Top of RECORDED INFORMATION

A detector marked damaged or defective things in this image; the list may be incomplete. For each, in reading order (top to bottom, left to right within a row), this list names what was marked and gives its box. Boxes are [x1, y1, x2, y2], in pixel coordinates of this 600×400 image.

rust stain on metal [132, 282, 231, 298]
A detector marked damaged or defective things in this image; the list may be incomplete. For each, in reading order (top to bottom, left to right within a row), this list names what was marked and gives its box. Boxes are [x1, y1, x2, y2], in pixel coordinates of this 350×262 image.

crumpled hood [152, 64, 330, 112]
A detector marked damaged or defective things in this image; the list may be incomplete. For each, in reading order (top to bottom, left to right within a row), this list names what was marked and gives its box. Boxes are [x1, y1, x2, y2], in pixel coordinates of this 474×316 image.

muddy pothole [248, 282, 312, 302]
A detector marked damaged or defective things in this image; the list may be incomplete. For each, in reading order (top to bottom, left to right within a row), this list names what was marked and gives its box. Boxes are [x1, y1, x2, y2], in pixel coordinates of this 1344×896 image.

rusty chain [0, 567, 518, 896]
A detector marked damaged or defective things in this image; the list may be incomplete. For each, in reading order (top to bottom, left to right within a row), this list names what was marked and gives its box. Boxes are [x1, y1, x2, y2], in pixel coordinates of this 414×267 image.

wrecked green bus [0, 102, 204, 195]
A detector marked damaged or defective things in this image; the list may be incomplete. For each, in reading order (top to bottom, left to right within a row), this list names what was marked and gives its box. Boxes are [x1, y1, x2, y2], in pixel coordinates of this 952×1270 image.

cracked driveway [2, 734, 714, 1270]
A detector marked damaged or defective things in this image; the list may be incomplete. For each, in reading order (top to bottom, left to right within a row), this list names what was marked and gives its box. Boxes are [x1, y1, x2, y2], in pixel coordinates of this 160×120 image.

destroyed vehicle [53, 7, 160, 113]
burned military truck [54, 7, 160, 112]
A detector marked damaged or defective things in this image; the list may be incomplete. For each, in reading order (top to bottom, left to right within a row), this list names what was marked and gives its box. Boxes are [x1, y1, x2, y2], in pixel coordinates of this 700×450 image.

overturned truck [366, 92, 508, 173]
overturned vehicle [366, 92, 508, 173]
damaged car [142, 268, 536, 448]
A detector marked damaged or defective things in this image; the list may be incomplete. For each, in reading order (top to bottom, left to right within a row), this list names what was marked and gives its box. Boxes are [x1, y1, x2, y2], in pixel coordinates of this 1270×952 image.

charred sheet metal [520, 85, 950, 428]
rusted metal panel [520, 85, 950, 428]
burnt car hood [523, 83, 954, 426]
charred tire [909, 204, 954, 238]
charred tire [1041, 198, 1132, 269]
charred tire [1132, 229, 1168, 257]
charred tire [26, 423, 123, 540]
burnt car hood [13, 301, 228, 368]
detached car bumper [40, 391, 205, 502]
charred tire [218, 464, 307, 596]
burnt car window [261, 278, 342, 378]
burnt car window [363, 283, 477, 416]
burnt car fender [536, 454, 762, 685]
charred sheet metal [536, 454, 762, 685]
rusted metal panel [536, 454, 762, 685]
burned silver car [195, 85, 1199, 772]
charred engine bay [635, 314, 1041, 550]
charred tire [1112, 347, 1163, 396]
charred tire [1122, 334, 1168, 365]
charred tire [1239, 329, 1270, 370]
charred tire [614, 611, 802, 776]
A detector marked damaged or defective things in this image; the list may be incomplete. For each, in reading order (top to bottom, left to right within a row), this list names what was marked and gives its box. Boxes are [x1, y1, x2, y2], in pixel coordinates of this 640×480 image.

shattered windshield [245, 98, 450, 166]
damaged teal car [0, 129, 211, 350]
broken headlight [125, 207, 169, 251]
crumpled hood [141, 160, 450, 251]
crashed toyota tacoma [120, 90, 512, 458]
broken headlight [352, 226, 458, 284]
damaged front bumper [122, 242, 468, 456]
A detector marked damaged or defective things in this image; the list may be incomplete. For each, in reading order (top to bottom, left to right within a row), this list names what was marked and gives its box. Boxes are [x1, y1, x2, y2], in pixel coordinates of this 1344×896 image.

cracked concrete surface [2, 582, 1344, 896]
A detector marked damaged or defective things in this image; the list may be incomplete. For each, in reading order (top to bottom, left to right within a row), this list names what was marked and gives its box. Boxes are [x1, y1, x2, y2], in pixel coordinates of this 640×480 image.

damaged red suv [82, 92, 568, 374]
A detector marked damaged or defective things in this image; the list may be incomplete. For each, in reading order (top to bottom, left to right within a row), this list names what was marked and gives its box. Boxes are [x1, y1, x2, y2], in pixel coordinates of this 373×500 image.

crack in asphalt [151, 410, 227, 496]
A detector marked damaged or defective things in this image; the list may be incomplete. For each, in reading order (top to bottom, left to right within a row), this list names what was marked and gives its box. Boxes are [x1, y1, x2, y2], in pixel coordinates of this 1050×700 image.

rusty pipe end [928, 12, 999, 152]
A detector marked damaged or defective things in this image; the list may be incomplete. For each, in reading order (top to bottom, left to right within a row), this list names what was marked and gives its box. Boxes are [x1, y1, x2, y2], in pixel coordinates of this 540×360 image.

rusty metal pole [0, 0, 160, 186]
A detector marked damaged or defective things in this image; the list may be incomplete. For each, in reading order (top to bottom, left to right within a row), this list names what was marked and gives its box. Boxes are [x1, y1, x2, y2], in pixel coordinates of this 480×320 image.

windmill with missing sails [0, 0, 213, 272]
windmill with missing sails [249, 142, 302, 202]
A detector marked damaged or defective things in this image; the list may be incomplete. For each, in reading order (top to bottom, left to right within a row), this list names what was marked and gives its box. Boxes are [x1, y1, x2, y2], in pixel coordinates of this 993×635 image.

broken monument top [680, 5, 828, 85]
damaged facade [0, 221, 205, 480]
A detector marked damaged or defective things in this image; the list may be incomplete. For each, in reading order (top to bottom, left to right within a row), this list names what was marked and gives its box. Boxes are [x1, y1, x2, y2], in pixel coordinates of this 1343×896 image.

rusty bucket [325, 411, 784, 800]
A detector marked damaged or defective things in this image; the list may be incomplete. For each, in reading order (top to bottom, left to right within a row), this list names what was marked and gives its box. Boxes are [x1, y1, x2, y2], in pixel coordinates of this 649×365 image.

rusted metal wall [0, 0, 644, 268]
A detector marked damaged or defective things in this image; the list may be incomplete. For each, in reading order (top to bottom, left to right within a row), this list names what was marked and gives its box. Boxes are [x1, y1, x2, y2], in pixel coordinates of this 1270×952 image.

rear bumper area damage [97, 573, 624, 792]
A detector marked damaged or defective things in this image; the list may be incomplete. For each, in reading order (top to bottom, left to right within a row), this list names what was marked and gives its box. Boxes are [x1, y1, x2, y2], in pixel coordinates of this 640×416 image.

Bottom of RECORDED INFORMATION

- [TRY IT]: Copy out exactly the lines between the line with "this 993×635 image." and the last line of the entries, counting both of those lines.

- [SOLUTION TO THE PROBLEM]:
A detector marked damaged or defective things in this image; the list may be incomplete. For each, in reading order (top to bottom, left to right within a row), this list names what was marked and gives its box. Boxes are [x1, y1, x2, y2], in pixel coordinates of this 993×635 image.

broken monument top [680, 5, 828, 85]
damaged facade [0, 221, 205, 480]
A detector marked damaged or defective things in this image; the list may be incomplete. For each, in reading order (top to bottom, left to right within a row), this list names what was marked and gives its box. Boxes are [x1, y1, x2, y2], in pixel coordinates of this 1343×896 image.

rusty bucket [325, 411, 784, 800]
A detector marked damaged or defective things in this image; the list may be incomplete. For each, in reading order (top to bottom, left to right within a row), this list names what was marked and gives its box. Boxes are [x1, y1, x2, y2], in pixel coordinates of this 649×365 image.

rusted metal wall [0, 0, 644, 268]
A detector marked damaged or defective things in this image; the list may be incomplete. For each, in reading order (top to bottom, left to right within a row), this list names what was marked and gives its box. Boxes are [x1, y1, x2, y2], in pixel coordinates of this 1270×952 image.

rear bumper area damage [97, 573, 624, 792]
A detector marked damaged or defective things in this image; the list may be incomplete. For each, in reading order (top to bottom, left to right within a row), this list names what was marked and gives its box. Boxes are [x1, y1, x2, y2], in pixel coordinates of this 640×416 image.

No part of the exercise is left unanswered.